In 1983, during the completion of this album, some ideas and views of the future changed for me. While everyone’s mind was still haunted by the admonishingly gloomy vision of George Orwell’s “1984”, the release of the motion picture “Blade Runner” had a lasting effect. It depicted a world that can no longer be saved: Acid rain is pouring down derelict buildings and humanity has to confront fugitive cyborgs as a result of artificial intelligence gone wrong.
The future however was not quite so clear-cut as those pictures: dystopian imaginings were also being layered with mosaic pieces of a pop history that saw itself as a source of hope, a supposed counterculture. Could this promise be fulfilled or was it simply a “productive misunderstanding”?

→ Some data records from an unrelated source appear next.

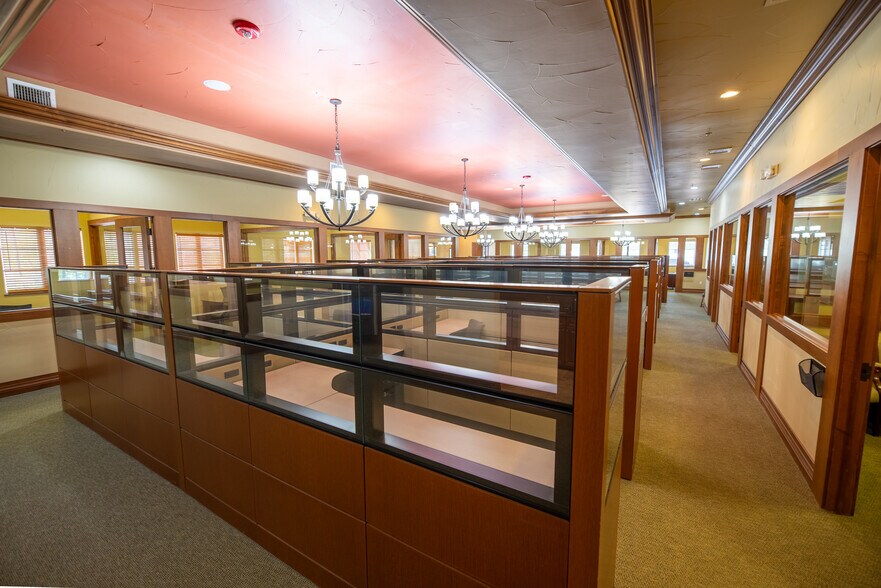 More Photos Of 2420 Brunello Trace, Lutz Office For Sale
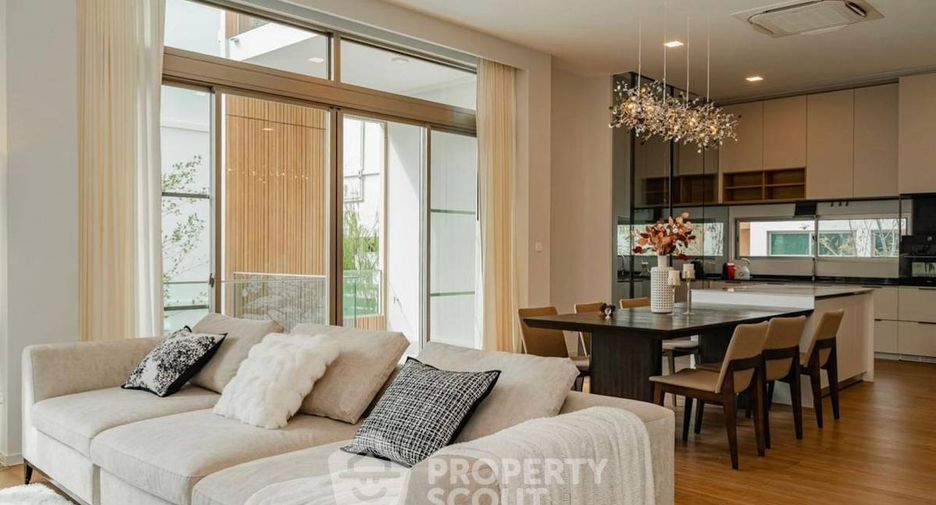 For rent 3 bedrooms house in Saphan Sung, Bangkok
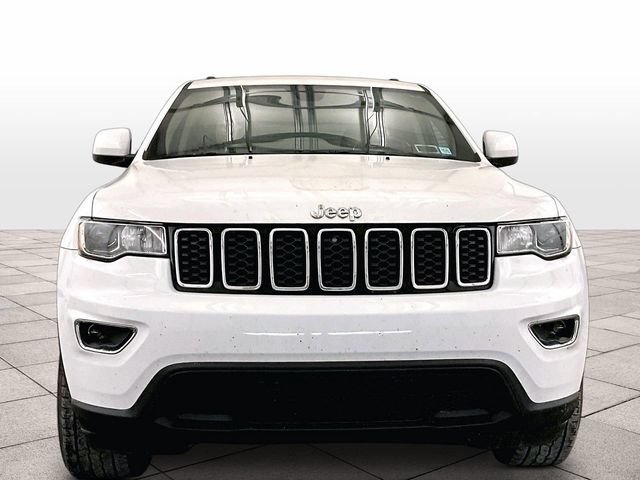 Used 2021 Jeep Grand Cherokee Laredo AWD/4WD image 3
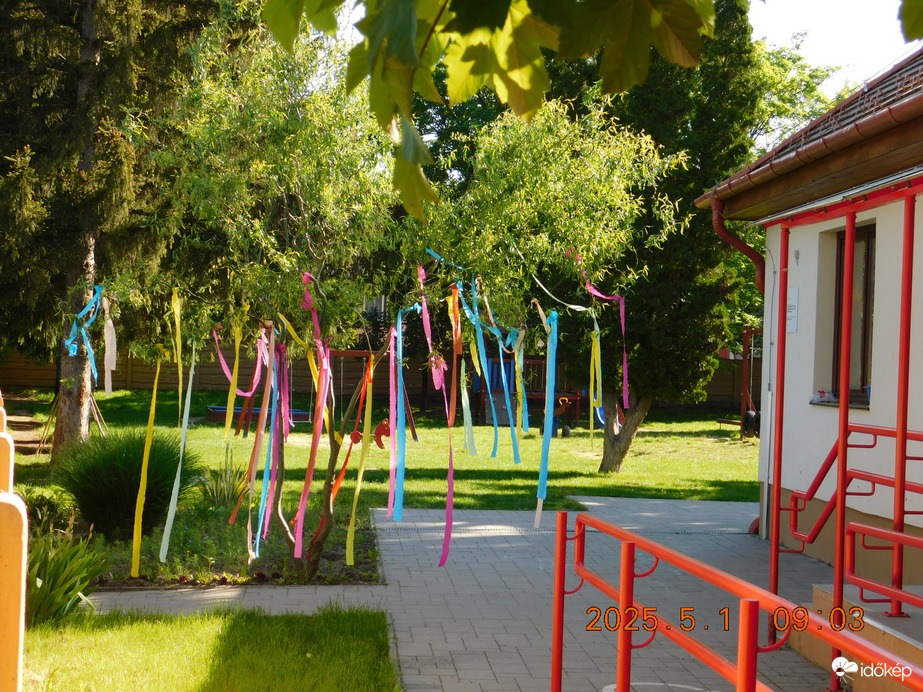 Piciny, kedves kezek munkája.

With the onset of digitalisation the new musical tools – first and foremost the techniques of “sampling” and computerised sequencing – were enthusiastically met by me and many others, a generation of William Burroughs readers whose sensibility had been nurtured by “cut-up” and “automatic writing”.
And so everything flowed together on this album: the esoteric heritage of various hippie and alternative movements and their expressions in “Pop”, the underlying currents of “Modernism” and the influences of European “Neue Musik”. The resulting musical pieces on the album celebrate this moment in its simultaneity, its confusion and its new confidence.